AIM OF THE EXERCISE » Among the records that follow, set down only the lines from the one containing "Back to school" to the one containing "Чехол на руль", both included, exactly.

SOURCE DATA »
+++

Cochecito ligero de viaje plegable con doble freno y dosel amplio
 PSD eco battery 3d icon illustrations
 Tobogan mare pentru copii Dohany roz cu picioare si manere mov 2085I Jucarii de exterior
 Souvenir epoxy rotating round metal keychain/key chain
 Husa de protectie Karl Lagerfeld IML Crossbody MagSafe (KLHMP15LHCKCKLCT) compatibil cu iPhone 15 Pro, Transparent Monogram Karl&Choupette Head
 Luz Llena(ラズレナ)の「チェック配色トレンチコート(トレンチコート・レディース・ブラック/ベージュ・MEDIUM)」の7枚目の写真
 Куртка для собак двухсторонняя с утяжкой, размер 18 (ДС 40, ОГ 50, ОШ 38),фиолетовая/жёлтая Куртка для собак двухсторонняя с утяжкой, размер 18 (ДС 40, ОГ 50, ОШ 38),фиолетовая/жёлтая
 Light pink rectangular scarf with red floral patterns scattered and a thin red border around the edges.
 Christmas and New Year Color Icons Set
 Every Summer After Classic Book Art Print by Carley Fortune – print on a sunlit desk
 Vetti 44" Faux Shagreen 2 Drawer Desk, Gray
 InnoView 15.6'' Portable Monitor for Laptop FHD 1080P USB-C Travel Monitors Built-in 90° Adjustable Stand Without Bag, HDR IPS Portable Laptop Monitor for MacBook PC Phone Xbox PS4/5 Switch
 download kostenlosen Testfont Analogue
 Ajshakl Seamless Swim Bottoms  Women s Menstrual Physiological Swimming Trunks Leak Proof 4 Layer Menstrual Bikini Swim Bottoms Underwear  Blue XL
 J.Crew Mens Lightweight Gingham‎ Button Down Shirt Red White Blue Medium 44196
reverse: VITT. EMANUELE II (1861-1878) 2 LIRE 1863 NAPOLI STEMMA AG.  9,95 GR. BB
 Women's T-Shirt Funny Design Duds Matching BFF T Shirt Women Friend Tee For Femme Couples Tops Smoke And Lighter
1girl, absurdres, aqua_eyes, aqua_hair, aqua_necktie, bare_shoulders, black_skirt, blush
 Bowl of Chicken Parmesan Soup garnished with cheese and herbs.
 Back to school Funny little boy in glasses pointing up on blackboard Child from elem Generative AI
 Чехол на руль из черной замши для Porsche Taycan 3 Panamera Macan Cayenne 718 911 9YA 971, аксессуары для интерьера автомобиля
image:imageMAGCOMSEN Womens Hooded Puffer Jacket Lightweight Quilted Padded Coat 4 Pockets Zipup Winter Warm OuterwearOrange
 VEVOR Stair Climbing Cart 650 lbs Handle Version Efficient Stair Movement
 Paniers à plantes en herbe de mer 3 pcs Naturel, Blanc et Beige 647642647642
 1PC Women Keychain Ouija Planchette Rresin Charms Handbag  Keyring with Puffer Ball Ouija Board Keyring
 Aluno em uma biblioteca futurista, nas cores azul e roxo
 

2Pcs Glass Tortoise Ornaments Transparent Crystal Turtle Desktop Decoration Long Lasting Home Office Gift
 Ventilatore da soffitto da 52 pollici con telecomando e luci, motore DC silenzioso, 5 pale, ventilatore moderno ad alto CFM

+++

RESPONSE FOR THIS EXERCISE »
 Back to school Funny little boy in glasses pointing up on blackboard Child from elem Generative AI
 Чехол на руль из черной замши для Porsche Taycan 3 Panamera Macan Cayenne 718 911 9YA 971, аксессуары для интерьера автомобиля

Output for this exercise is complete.